Last week, Christopher E. Ferrell and David B. Reinke of the Mineta Transportation Institute released a report titled “Household Income and Vehicle Fuel Economy in California,” comparing the financial impact of switching from a fuel tax to a “road-user charge” (RUC) based on vehicle miles traveled (VMT) for funding transportation infrastructure.
Using the 2010-2011 California Household Travel Survey (CHTS) and the EPA database on vehicle fuel efficiency, the team analyzed households by income group and area type (urban or rural), with their current driving habits as a base. There were three main findings from the study.
First, daily household fuel consumption and vehicle-miles traveled (VMT) both appear to increase with household income.
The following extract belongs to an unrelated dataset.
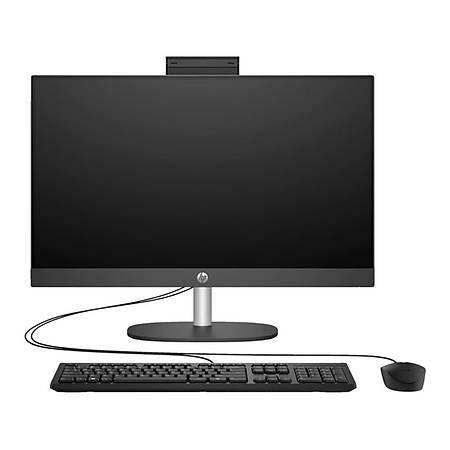 HP Proone 240 G10 B6JC9ES-32 I5-1334U 32GB 512SSD Wifi 6 23.8'' W11 PRO Siyah Aıo Bilgisayar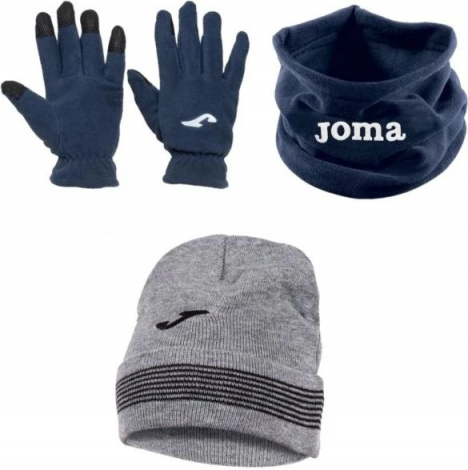 Зимовий набір аксесуарів Joma WINTER №7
Second, urban and rural households show roughly the same amount of fuel consumption and VMT. And finally, although the analysis found the estimated costs of either program would be slightly different for different income groups and for rural versus urban households, it found no statistically significant difference in cost between the two programs in any income group.
In terms of revitalizing the HTF, this study does not have a clear policy agenda. Supporters of a VMT-fee based funding mechanism for the HTF would suggest that such a fee would likely not raise the cost of maintaining and owning a vehicle, but opponents would likely say the same thing. The HTF needs to increase its source of income, not maintain it, as the current annual amount of revenue going into the HTF is what has led to its insolvency. This does not rule out VMT-based funding sources, but it does hint at the need for a wide range of multiple funding sources.
Though more research needs to be done to determine if the statistical difference does not exist, the study described within the report provides new data to consider when developing a new funding mechanism.